Es ist allerdings nicht sachgerecht und keine rechtmäßige Ermessensausübung, bei der Berechnung des Erlassbetrages den Zinslauf der "fiktiven Erstattungszinsen" ("fiktiver Zinslauf") abweichend von den für Erstattungszinsen geltenden Regelungen zu bestimmen. Davon gehen die Richtlinien in den Beispielen 14 und 15 zu Nr. 70.1.2 AEAO zu § 233a aber aus. Denn dort wird als Beginn des "fiktiven Zinslaufs" nicht auf den Tag der freiwilligen Leistung, sondern auf den Folgetag abgestellt. Begründet wird dies mit der über § 108 Abs. 1 AO anzuwendenden Fristvorschrift des § 187 Abs. 1 BGB. Danach ist, wenn für den Anfang einer Frist ein Ereignis maßgebend ist, der Tag, in den das Ereignis fällt, nicht mitzurechnen.

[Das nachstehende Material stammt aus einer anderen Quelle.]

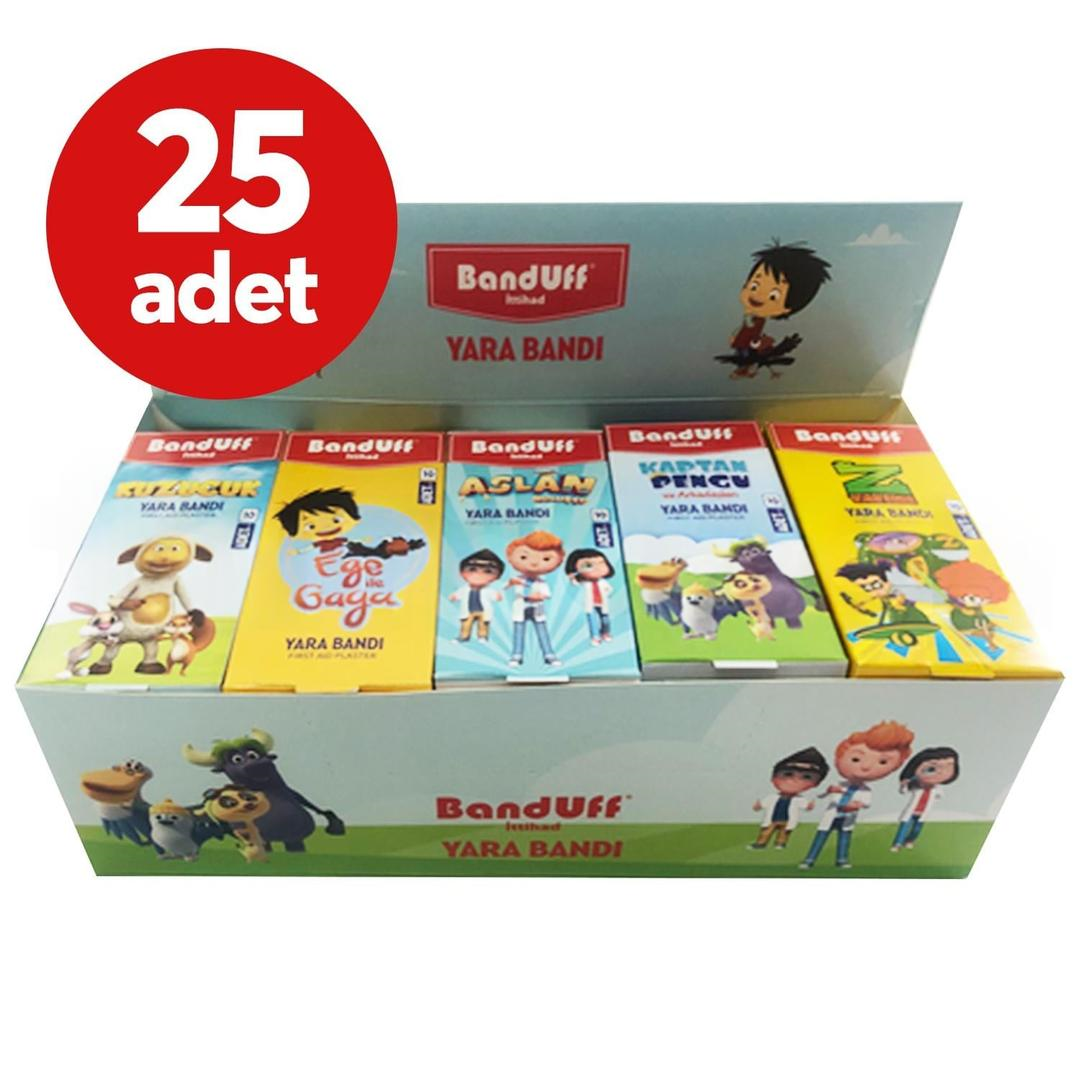 Banduff Yara Bandı Lisanslı Karma Paket 10'lu - 25 Adet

Hinsichtlich des Beginns des Zinslaufs bestimmt jedoch § 238 Abs. 1 Satz 2 AO, dass Zinsen von dem Tag an, an dem der Zinslauf beginnt, zu zahlen sind. Die Formulierung "von dem Tag an" ist zweifelsfrei in dem Sinne zu verstehen, dass der erste Tag des Zinslaufs von Anfang an, also ab 00:00 Uhr, bei der Berechnung des Zinslaufs und der Ermittlung der vollen Monate mitzuzählen ist. Die Regelung in § 238 Abs. 1 Satz 2 AO gilt - mangels entgegenstehender Bestimmungen - auch für die Bestimmung des Zinslaufs bei Erstattungszinsen. Die Verzinsung beginnt hier frühestens mit dem Tag der Zahlung (§ 233a Abs. 3 Satz 3 Halbsatz 2 AO). Der Zahlungstag ist demnach von Anfang an ("von dem Tag an"), d.h. ab Tagesbeginn um 00:00 Uhr, bei der Berechnung der Dauer des Zinslaufs und der Ermittlung der vollen Monate einzubeziehen.

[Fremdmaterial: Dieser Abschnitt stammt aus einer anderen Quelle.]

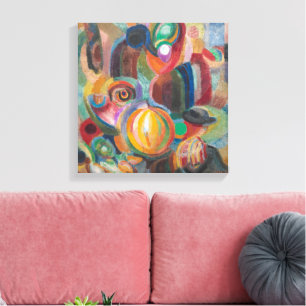 Portuguese Market   Sonia Delaunay-Terk   Canvas Print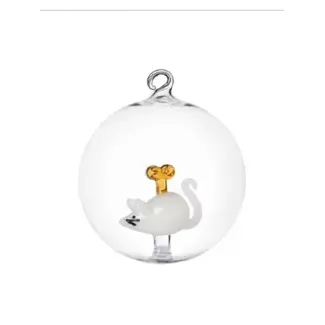 Ichendorf Milano Ichendorf Milano kerstbal White Mouse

Die gesetzlich angeordnete Berücksichtigung des gesamten ersten Tages für die Ermittlung der Dauer des Zinslaufs und der vollen Monate hat sodann zur Folge, dass sich die Fristberechnung nicht nach §§ 187 Abs. 1 ("Ereignis"), 188 Abs. 2 Variante 1 BGB i.V.m. § 108 Abs. 1 AO, sondern nach §§ 187 Abs. 2, 188 Abs. 2 Variante 2 BGB i.V.m. § 108 Abs. 1 AO richtet. Danach wird, wenn der Beginn eines Tages der für den Anfang einer Frist maßgebende Zeitpunkt ist, dieser Tag bei der Berechnung der Frist mitgerechnet. Das Fristende ist dann mit dem Ablauf desjenigen Tages des letzten Monats erreicht, welcher dem Tage vorhergeht, der durch seine Zahl dem Anfangstage der Frist entspricht. Die Ermittlung der Anzahl der "vollen Monate" gemäß §§ 187 Abs. 2, 188 Abs. 2 Variante 2 BGB entspricht der herrschenden Meinung in der Literatur, der sich der BFH anschließt.

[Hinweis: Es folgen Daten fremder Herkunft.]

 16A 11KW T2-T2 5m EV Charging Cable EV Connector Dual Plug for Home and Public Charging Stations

Beraterhinweis: Nach Auffassung des BFH ist kein Grund ersichtlich, warum bei der Berechnung "fiktiver Erstattungszinsen" der Zinslauf abweichend von der durch die AO vorgegebenen Regelungssystematik bestimmt werden sollte. Nr. 70.1.2 AEAO zu § 233a ist an diese Systematik angelehnt. Es ist daher nicht ermessensgerecht, davon ohne triftigen Grund abzuweichen und zu unterstellen, dass im Falle der freiwilligen Leistung das Kapital dem Steuerpflichtigen am Zahltag noch zur alleinigen Nutzung zur Verfügung gestanden hat, im Falle einer Leistung nach vorheriger Festsetzung (z.B. von Vorauszahlungen) aber nicht.

BFH, Urteil vom 31.5. 2017, I R 92/15, veröffentlicht am 3.1.2018.